Specifically, the flat for the first system can be obtained by translating the linear subspace for the homogeneous system by the vector p. This reasoning only applies if the system Ax = b has at least one solution.

The following computation shows Gauss-Jordan elimination applied to the matrix above: The last matrix is in reduced row echelon form, and represents the system x = −15, y = 8, z = 2. But this also reflects that, in general, no such method can exist: some problems are known to be unsolvable by an algorithm, such as Hilbert's tenth problem, which was proved unsolvable in 1970.

However, depending on the function, the inverse may be difficult to be defined, or may not be a function on all of the set B (only on some subset), and have many values at some point. Here, "in general" means that a different behavior may occur for specific values of the coefficients of the equations. {\displaystyle A\mathbf {x} =\mathbf {b} } Polynomial equations of degree up to four can be solved exactly using algebraic methods, of which the quadratic formula is the simplest example. In general, inconsistencies occur if the left-hand sides of the equations in a system are linearly dependent, and the constant terms do not satisfy the dependence relation. as previously stated, where 6 The number of vectors in a basis for the span is now expressed as the rank of the matrix. x )

The distinction between known variables and unknown variables is generally made in the statement of the problem, by phrases such as "an equation in x and y", or "solve for x and y", which indicate the unknowns, here x and y. Different choices for the free variables may lead to different descriptions of the same solution set. When an equation contains several unknowns, and when one has several equations with more unknowns than equations, the solution set is often infinite. If the solution set is empty, then there are no values of the unknowns that satisfy simultaneously all equations and inequalities. b x x For example, the equation, can be rewritten, using the identity tan x cot x = 1 as, The solutions are thus the solutions of the equation tan x = 1, and are thus the set.

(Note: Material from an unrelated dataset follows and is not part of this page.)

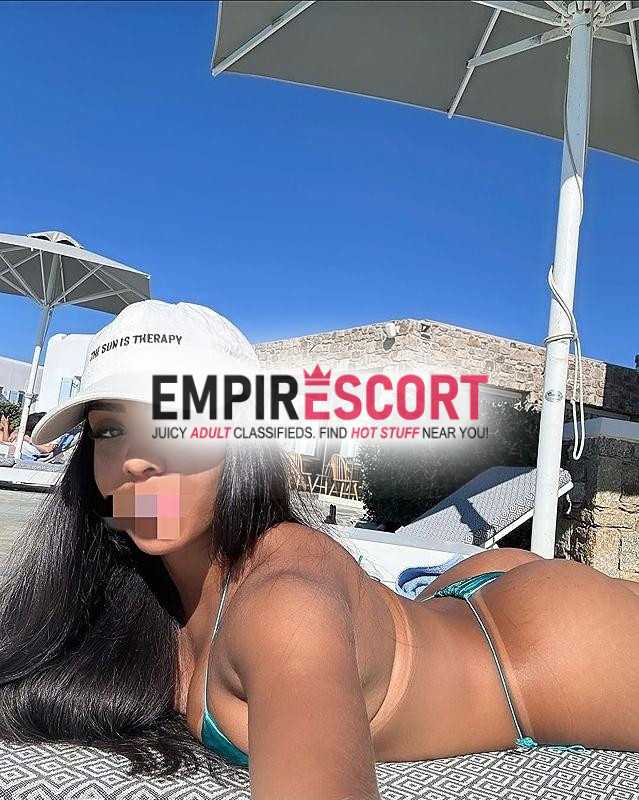 danny rainha do anal completa 150 so hoje . no meu local no centro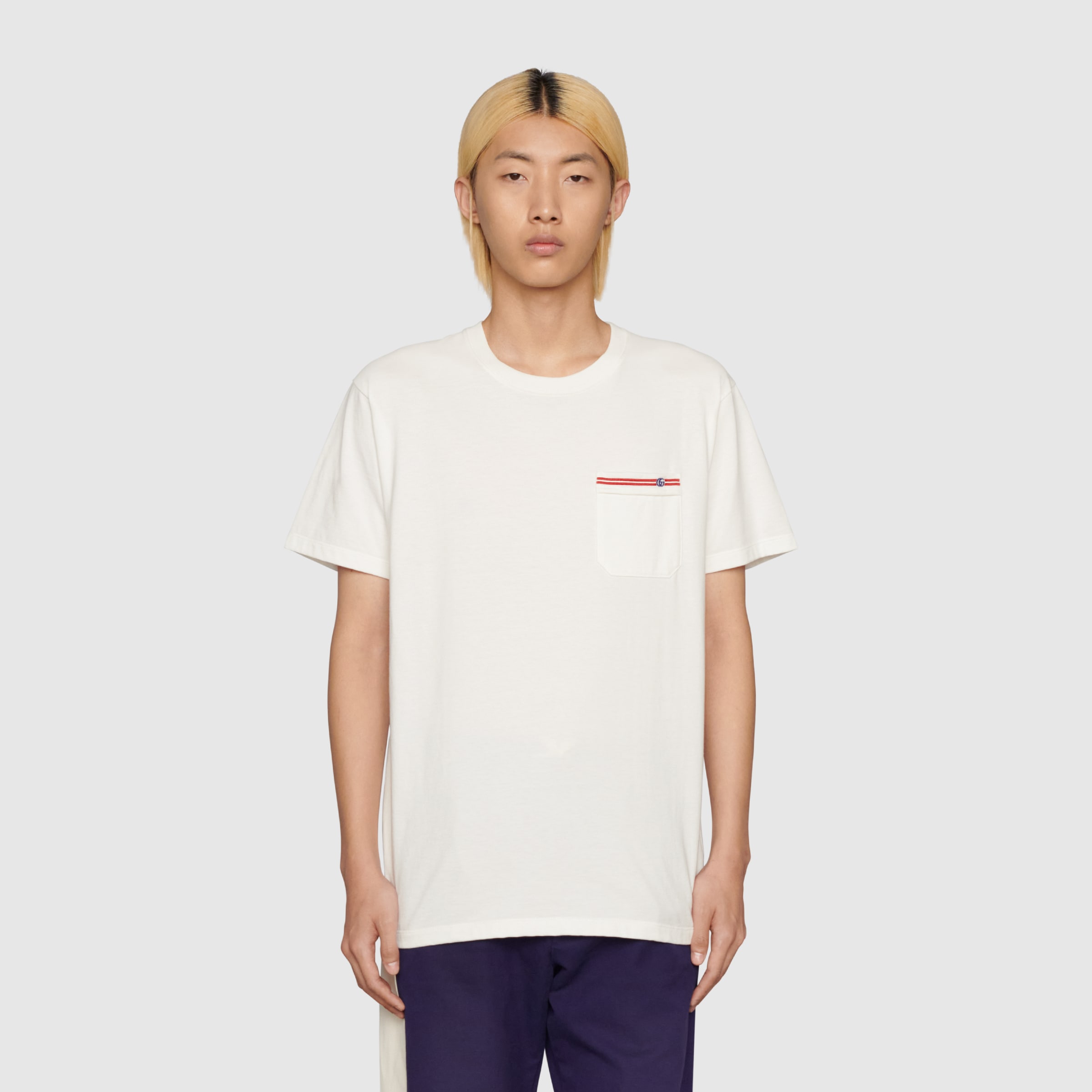 673710_XJDVI_9088_004_100_0000_Light-Cotton-T-shirt-with-embroidery.jpg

This method generalizes to systems with additional variables (see "elimination of variables" below, or the article on elementary algebra. The solutions of linear equations will generate values, which when substituted for the unknown values, make the equation true.

For example, the equations. However, a linear system is commonly considered as having at least two equations.

where A solution to a linear system is an assignment of values to the variables such that all the equations are simultaneously satisfied.

This equation can be viewed as a Diophantine equation, that is, an equation for which only integer solutions are sought. , In the simple case of a function of one variable, say, h(x), we can solve an equation of the form h(x) = c for some constant c by considering what is known as the inverse function of h. Given a function h : A → B, the inverse function, denoted h−1 and defined as h−1 : B → A, is a function such that, Now, if we apply the inverse function to both sides of h(x) = c, where c is a constant value in B, we obtain. {\displaystyle A^{-1}} One particular solution is x = 0, y = 0, z = 0. In other words, a solution is a value or a collection of values (one for each unknown) such that, when substituted for the unknowns, the equation becomes an equality. 11 6 An equation may be solved either numerically or symbolically. 3 The following pictures illustrate this trichotomy in the case of two variables: The first system has infinitely many solutions, namely all of the points on the blue line. , …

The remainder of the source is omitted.